We agree that if opinions of an Attorney General were permitted to attain the stature, and impact, attributed to them by respondent, mischief could result. We trust our holding today will disabuse the Bench, the Bar, and the public, of the notion that such result need be anticipated.

The essential problem presented in this case is one of resolving certain viable, but conflicting, factors: (1) that the parties have stipulated that the opinions issued by the Attorney General are injurious to respondent; (2) that § 27.040 requires the issuance of opinions by the Attorney General to designated persons upon request; (3) that public officials usually rely on such opinions and citizens often do so; and (4) that reliance on such opinions by the public is unfounded and sometimes quite unfortunate.

We consider the opinions particularly unfortunate in this case, not only because they have harmed respondent, but, more importantly, because they have effectually, even though unintentionally, defeated the will of the General Assembly by expressing a belief that § 362.195, RSMo 1969, is unconstitutional.

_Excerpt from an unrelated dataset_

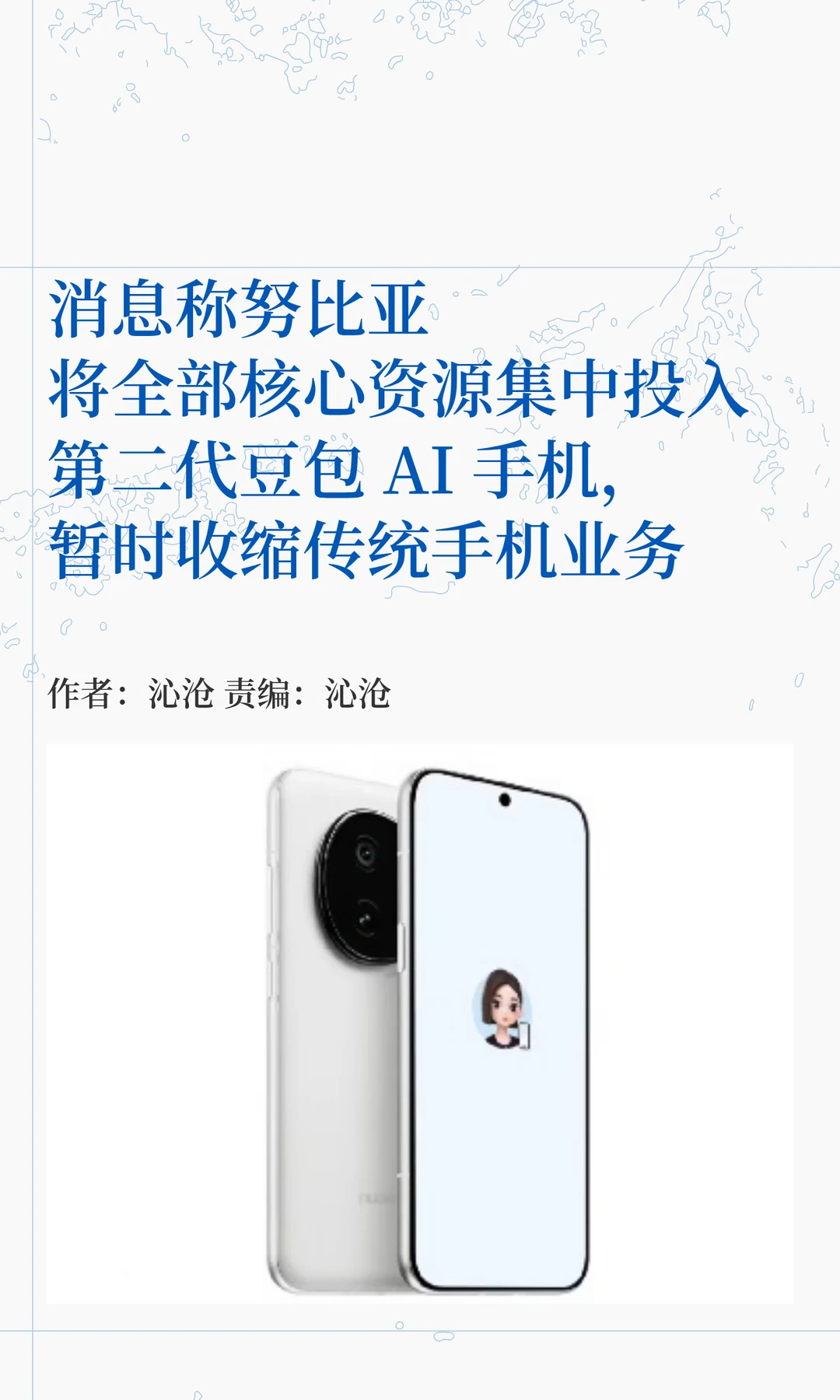 努比亚战略调整：全力投入第二代豆包AI手机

This statute was enacted in 1935. It may, or may not, be constitutional. In any event, a member of the Executive Department has no authority to decide the question.

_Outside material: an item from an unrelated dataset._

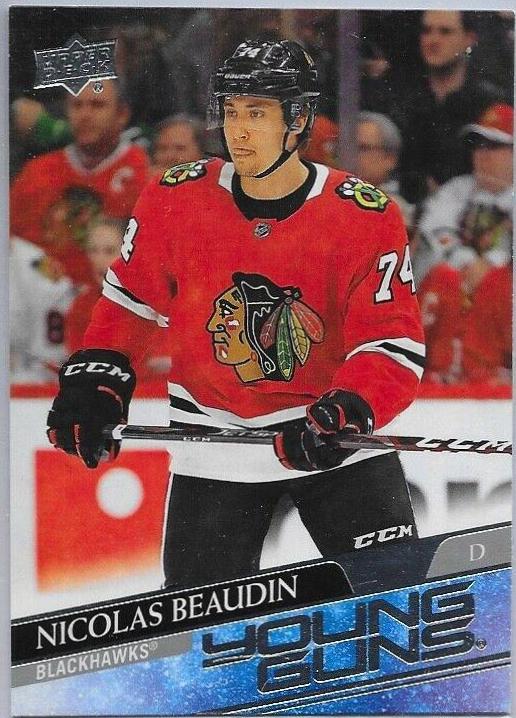 Nicolas Beaudin #226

We do not hold that a justiciable controversy can never arise from the giving of an opinion by an Attorney General. However, we hold there is no justiciable controversy in this case, because the opinions issued by the Attorney General to the effect that § 362.195, supra, is unconstitutional, are entitled to no more weight than that given the opinion of any other competent attorney.

Accordingly, we believe, and hold: (1) that there exists a mere difference of opinion as to the constitutionality of § 362.195, RSMo 1969; (2) that no justiciable controversy is presented; and (3) that the trial court does not have jurisdiction to grant, and respondent does not have standing to seek, a declaratory judgment in this case.

The judgment is reversed and the cause remanded with directions to dismiss the case.

All concur.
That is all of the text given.